Huon's wife had brought their wedding shield, a huge kite of painted hide and wood, and placed it on his arm. Young Eadnoth had found no mate, instead his brother gave him a wanderer's staff, no runes carved upon it, his betrothal quest unlived, no tale ever to be told. A bread-plate of food was set for them, a huge flagon of ale beside their hands. Their bodies had been washed of blood, their wounds sewn tight and hidden, bloody clothes cut away then taken and soaked in oil. A torch would be made of these rags, wrapped round the wood then set aflame, a kindling wick to light the funeral pyre.

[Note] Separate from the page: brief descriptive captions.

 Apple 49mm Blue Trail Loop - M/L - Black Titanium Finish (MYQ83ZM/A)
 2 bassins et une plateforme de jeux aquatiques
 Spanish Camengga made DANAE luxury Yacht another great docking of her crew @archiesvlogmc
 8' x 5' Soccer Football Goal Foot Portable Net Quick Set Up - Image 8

Then each giant was dressed again in their best finery and laid out with reverent care. Each member of the clan, from eldest, Ingigerd the ancient crone, to the youngest suckling babe, paced by the bodies of the dead; They stopped and took a bite of food or sip from flagon or snip of cloth, binding some fragment of their slain kin to the whole of the living kindred.
Engenulf approached them last. He placed the flagon to their lips and poured a tiny sip within, then took a pinch of bread and meat and put it on their tongues. He gently closed their jaws, reached up and shut their eyes then turned to face the gathered crowd and spoke the final words.

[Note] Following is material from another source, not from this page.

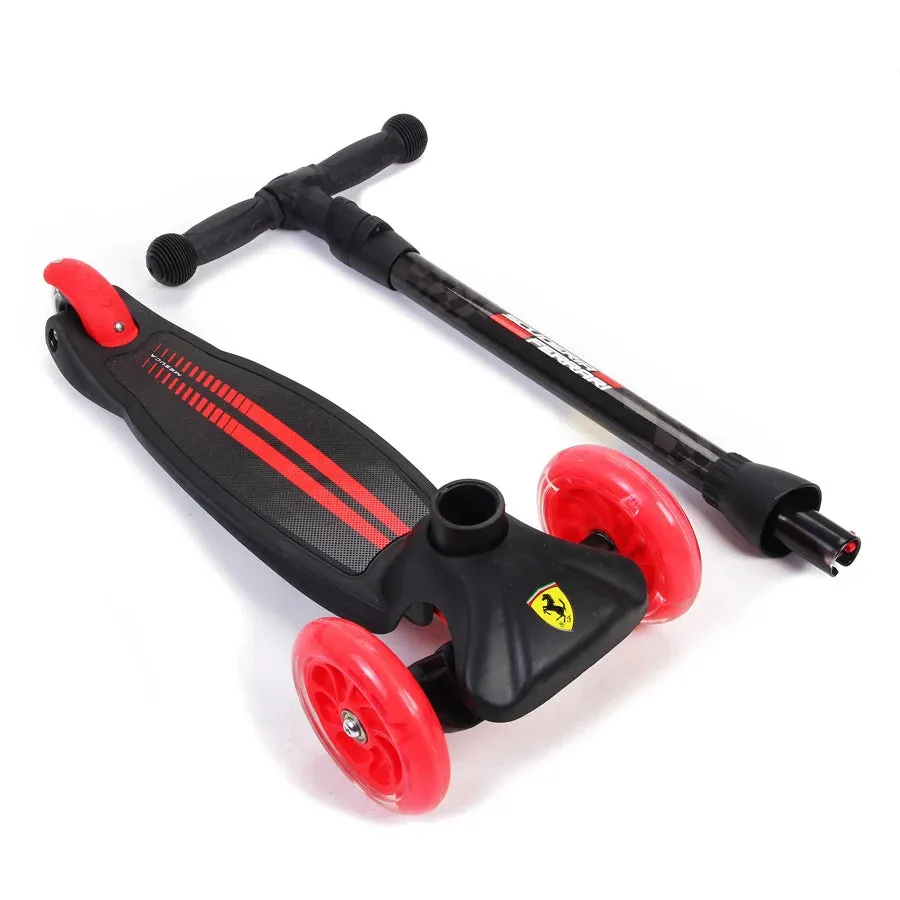 Ferrari Twist Scooter With Led Lights (Black)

"They Sleep!" The witan proclaimed. "Eat, now that they have tasted their last food, drunk their final drink. We celebrate their life, and in their death they become one with all the kindred. All who have lived, all who live now, all who will one day come."
A roaring cheer erupted from every throat; it shook the rafters and the roof, and echoed down the hall. The feast began, the giants set to and soon there came first chortles then choruses of merry laughter. A snippet of a song erupted, flagons filled and emptied quick, a fight broke out, a drunken brawl, a table was overturned, a dozen meals upset.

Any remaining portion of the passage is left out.